**ACTIVITY**.
Line by line, return the listing exactly, without any of the images.

**EXERCISE INPUT**.
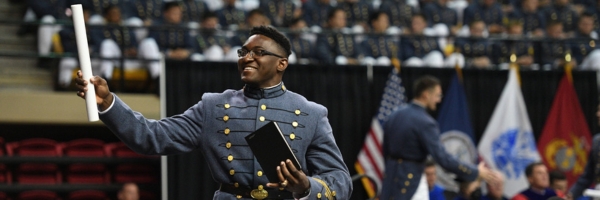 Cadet raises diploma towards a cheering crowd in Cameron Hall at VMI during Commencement.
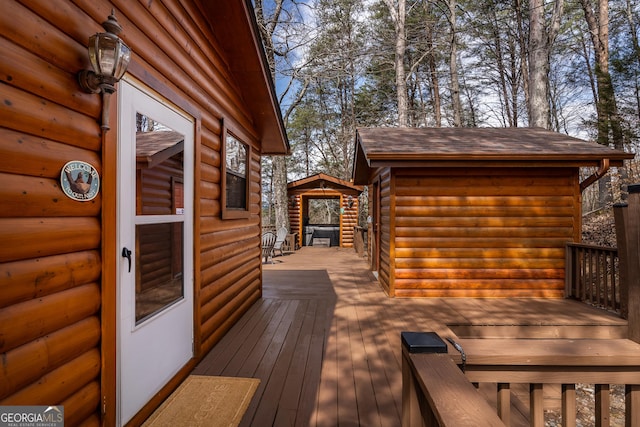 wooden deck with an outbuilding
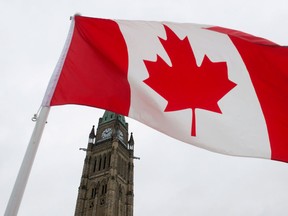 A Canadian flag flies on Parliament Hill Friday February 15, 2013 in Ottawa. (THE CANADIAN PRESS/Adrian Wyld)
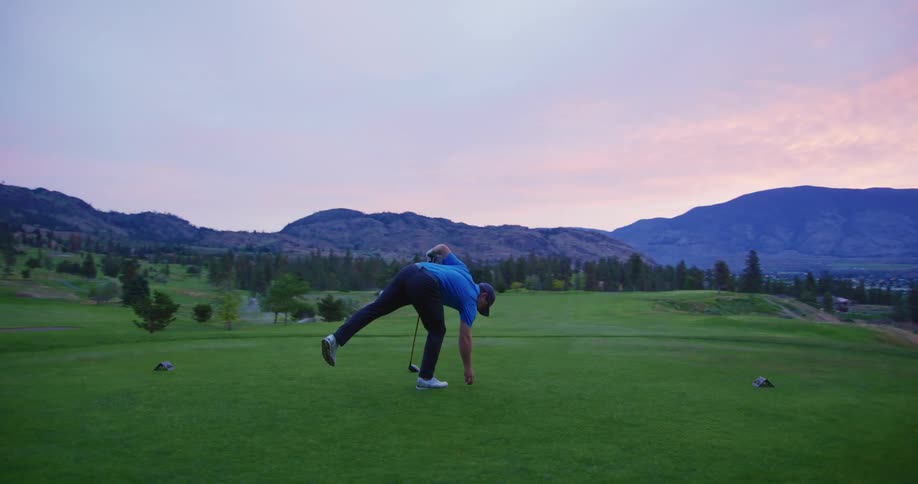 A man playing on a golf course with mountains and a colorful sunset sky in the background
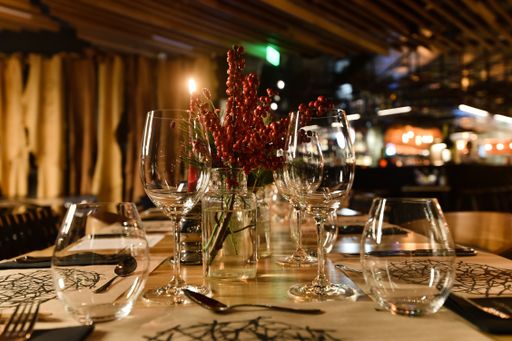 A beautiful decorated Xmas table with a red candle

**WRITTEN SOLUTION**.
 Cadet raises diploma towards a cheering crowd in Cameron Hall at VMI during Commencement.
 wooden deck with an outbuilding
 A Canadian flag flies on Parliament Hill Friday February 15, 2013 in Ottawa. (THE CANADIAN PRESS/Adrian Wyld)
 A man playing on a golf course with mountains and a colorful sunset sky in the background
 A beautiful decorated Xmas table with a red candle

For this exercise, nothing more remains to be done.